(Scraped caption text data)

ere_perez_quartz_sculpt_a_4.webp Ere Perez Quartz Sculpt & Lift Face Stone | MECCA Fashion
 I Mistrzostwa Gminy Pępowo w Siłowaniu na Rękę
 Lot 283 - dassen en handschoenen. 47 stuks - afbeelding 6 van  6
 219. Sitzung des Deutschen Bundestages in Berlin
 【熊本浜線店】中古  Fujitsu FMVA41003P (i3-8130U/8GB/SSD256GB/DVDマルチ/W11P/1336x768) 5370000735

→ **Your instructions**
Copy out the full set of entries without altering anything.

→ **Solution to the exercise**
ere_perez_quartz_sculpt_a_4.webp Ere Perez Quartz Sculpt & Lift Face Stone | MECCA Fashion
 I Mistrzostwa Gminy Pępowo w Siłowaniu na Rękę
 Lot 283 - dassen en handschoenen. 47 stuks - afbeelding 6 van  6
 219. Sitzung des Deutschen Bundestages in Berlin
 【熊本浜線店】中古  Fujitsu FMVA41003P (i3-8130U/8GB/SSD256GB/DVDマルチ/W11P/1336x768) 5370000735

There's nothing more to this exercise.